An ordinance regulating data centers in South Strabane Township is now in the hands of the board of supervisors.

The township planning commission voted Thursday to recommend the supervisors adopt the ordinance, with the caveat that further changes may be made based on public comments.

Township officials have been revising the document for several months. In that time, they have heard from numerous residents concerned about what the development of a data center would mean for the community.

At Thursday’s special planning commission meeting, East Washington resident Mumbi Mundia-Howe provided several suggestions to strengthen the ordinance. One aspect she pointed to was a recently added provision that calls for a developer to enter into a “community benefit agreement.”

The developer would be required to pay an unspecified amount of money to the township that would be used for police and fire protection, public safety or infrastructure.

Mundia-Howe suggested it should set a minimum amount.

“I think this is the most consequential financial decision this township makes in a generation. The current draft requires an agreement, but there is no minimum payment, and the township walks into negotiations with no floor, and a developer with experienced attorneys walks in knowing that,” Mundia-Howe said. “Once an agreement is signed, this community lives with it for decades.”

CNX Resources, however, has voiced opposition to many aspects of the ordinance, including the community benefit agreement language.

In a letter to the township dated March 19, attorney Blaine Lucas of the Pittsburgh law firm Babst Calland wrote that such an agreement runs foul of Pennsylvania’s municipal code.

“A data center will pay local taxes to the Township, Trinity Area School District, and Washington County.
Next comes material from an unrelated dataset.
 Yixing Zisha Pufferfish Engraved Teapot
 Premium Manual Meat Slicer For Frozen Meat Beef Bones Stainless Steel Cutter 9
All taxes must be uniform, and requiring a property owner to separately pay for police, fire, and public safety is illegal,” Lucas wrote.

At Thursday’s meeting, Babst Calland attorney Robert Max Junker argued the ordinance is exclusionary and would be a “death by a thousand cuts” for any developer looking to build a data center.

“We know (South Strabane Township solicitor Dennis Makel) is smart enough to know that you can’t put in something that says data centers are not allowed anywhere, or anything like that, but the death by a thousand cuts, and the number of provisions here just make it that a data center going through a conditional use process cannot meet these requirements within the township,” Junker said.

Some of the other requirements in the current ordinance include a setback of 500 feet from the property line and 1,000 feet from any residential property line.

Lucas argued in his letter that these setbacks “eliminate most portions of CNX’s Zediker Station property from development.”

Work on the ordinance came about when real estate firm JLL began marketing a 1,400-acre tract of land owned by CNX Resources as suitable for a data center last fall.

Data centers typically consist of several large warehouses containing servers and other computing equipment. The CNX property, located off of Zediker Station Road, has been touted by JLL as being suitable for a data center that would power artificial intelligence.

The land has not been sold, and there are currently no plans for a data center to be built.

The next step for the data center ordinance will be a public hearing before the board of supervisors scheduled for 6:30 p.m. March 31 at the South Strabane Township Fire Department, 172 Oak Spring Road.